• _Information given_:

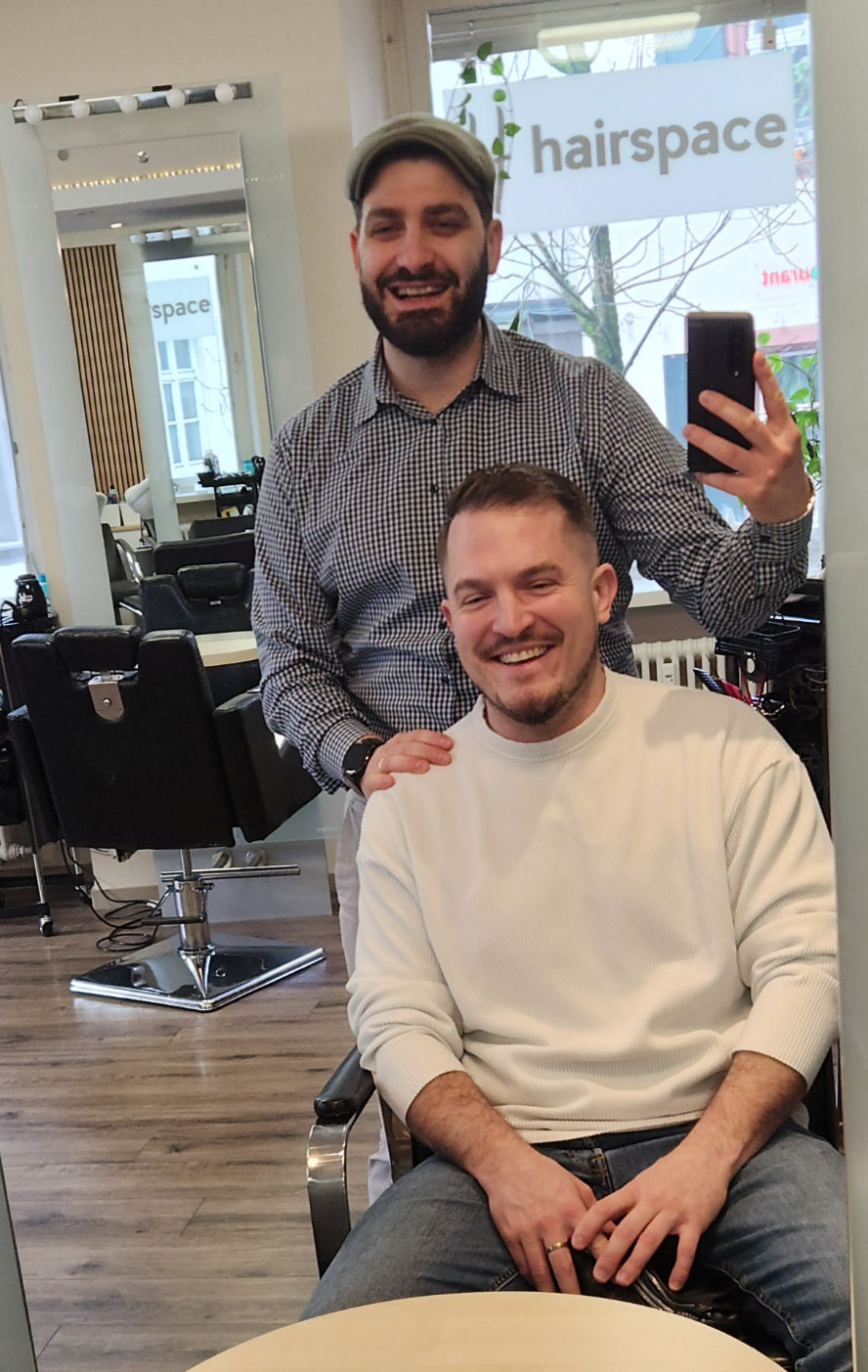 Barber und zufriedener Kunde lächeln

==

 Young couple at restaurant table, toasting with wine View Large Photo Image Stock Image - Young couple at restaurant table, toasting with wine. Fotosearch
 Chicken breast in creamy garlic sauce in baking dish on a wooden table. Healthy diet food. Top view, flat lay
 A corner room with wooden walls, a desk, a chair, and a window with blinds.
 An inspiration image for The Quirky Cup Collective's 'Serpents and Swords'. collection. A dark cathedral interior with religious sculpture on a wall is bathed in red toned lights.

• _Exercise instructions_: Lines from the records above that hold "table" are the ones to list.

• _Result of the task_:
 Young couple at restaurant table, toasting with wine View Large Photo Image Stock Image - Young couple at restaurant table, toasting with wine. Fotosearch
 Chicken breast in creamy garlic sauce in baking dish on a wooden table. Healthy diet food. Top view, flat lay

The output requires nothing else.